Standards are slow to emerge, as a consensus is needed between various parts of the communications and energy ecosystem. The number of bits transmitted per Joule of energy expended is now one of the top metrics used to analyse the efficiency of a network.

Currently, a cellular site will deliver an energy efficiency of around 20kbit/Joule, and some research papers in the field forecast that 5G could boost this more than two orders of magnitude to 10Mbit/Joule.

The future looks even more exciting as technologies are already starting to appear that introduce novel ways to harness 5G.

In “radio frequency harvesting,” the energy transmitted over radio waves can be captured and used on the client device or parts of the underlying infrastructure.

Since radio frequency signals carry both information and energy, it is theoretically possible to harvest some energy and receive some information from the same input.

This system is known as SWIPT - simultaneous wireless information and power transfer. The hardware required for this is still in development and there’s a rate-energy tradeoff between the amount of data and energy derived from a signal.

So SWIPT will never charge your smartphone wirelessly, but it is a novel approach which could offset the power consumption required for data transmission on the client device.

The rollout of 5G is likely to be closely linked to the rise of the modular and containerized “Edge” data center market, which in turn is driven by the need to make communication as efficient as it can be in energy and latency terms, by placing time-sensitive functionality at the network edge.

It’s clear that energy efficiency will be key to all future developments in the digital infrastructure industry.

In the next decade, we will see how 5G’s energy efficiency - and its impact on the world - plays out. Right now, the technology is in its infancy and there is not enough data to know what the impact its energy consumption will have in real life.
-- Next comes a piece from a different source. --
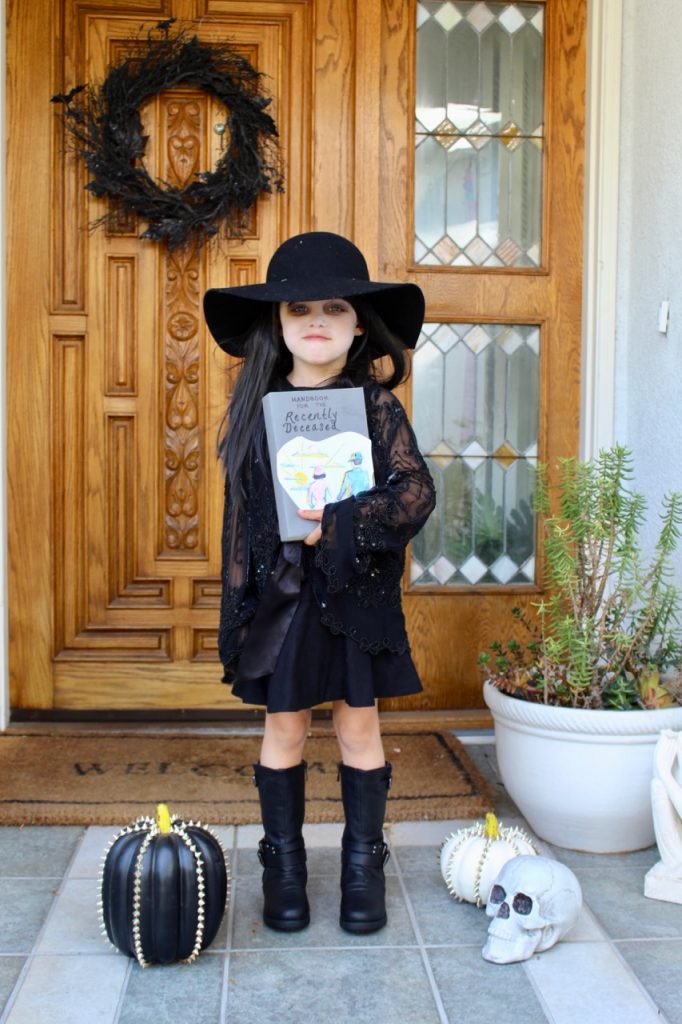 diy lydia deetz from Beetlejuice costume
As every moving part of the industry becomes more knowledgeable and less risk averse, 5G could bring in an era of near instantaneous communication with a plethora of new industries and markets, making every effort to minimize their impact on the world, through collaboration and smart infrastructure deployment and management.

The roll out of this Edge-based technology will bring huge changes to data centers and other infastructure.

But for that to happen, companies have to ensure that efficiency is paramount, as they rush to compete for the sector.